WE‐C‐L100J‐09: System for Determination of 3D Cardiac Motion From Biplane Imaging

Purpose: Biplane imaging offers the ability to determine 3D motion of objects of interest at high frame rates (> 30 fps) and does not suffer from out of plane motion issues. We have developed methods for rapid determination of 3D motion of tagged objects, e.g., points of interest in the heart. Materials and Methods: Fourteen metallic spherical markers (Φ1.5 to 4.5mm) were surgically implanted to tag major muscle bundles in both atria in pigs. The pigs were then imaged by biplane fluoroscopy at 30 frames per second. Images were corrected for distortion, and markers indicated in one of the frames. Markers were identified automatically in subsequent frames using cross‐correlation techniques. The imaging geometry was determined using the enhanced‐Metz‐Fencil technique, after which, the 3D positions of the markers were determined and displayed for each time point. The motion of the various markers was analyzed using the Procrustes technique. The vectors of movement of individual points as they relate to other points were determined to identify centres of contraction. Results: Automated bead tracking takes approximately 1 minute and is 100 percent accurate for slowly moving beads and beads that do not overlap with approximately 80% accuracy overall. The 3D positions were reproducible across cardiac cycles.
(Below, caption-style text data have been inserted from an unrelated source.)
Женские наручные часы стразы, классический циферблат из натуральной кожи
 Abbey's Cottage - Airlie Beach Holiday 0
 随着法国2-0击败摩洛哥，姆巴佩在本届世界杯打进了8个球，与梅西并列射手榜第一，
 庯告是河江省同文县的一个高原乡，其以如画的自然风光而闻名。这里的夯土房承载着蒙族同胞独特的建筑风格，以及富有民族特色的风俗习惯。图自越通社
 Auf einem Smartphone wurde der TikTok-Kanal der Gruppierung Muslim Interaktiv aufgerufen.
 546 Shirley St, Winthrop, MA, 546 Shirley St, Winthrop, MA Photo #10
The average RMS difference of marker positions for the same cardiac phase was approximately 0.5 mm. The average point excursion during a heart cycle was 3.6 mm. Data analyses revealed a dominant dynamic directionality towards a central point or plane suggesting a common limb involved in bi‐atrial mechanics. Conclusion: This system provides rapid generation of 3D motion of tagged regions of interest in the atria. These data will provide a useful basis for analysis of cardiac motion. The ability to link structure and function by these techniques can impact the fields of cardiac surgery, pacing, and electro‐physiology.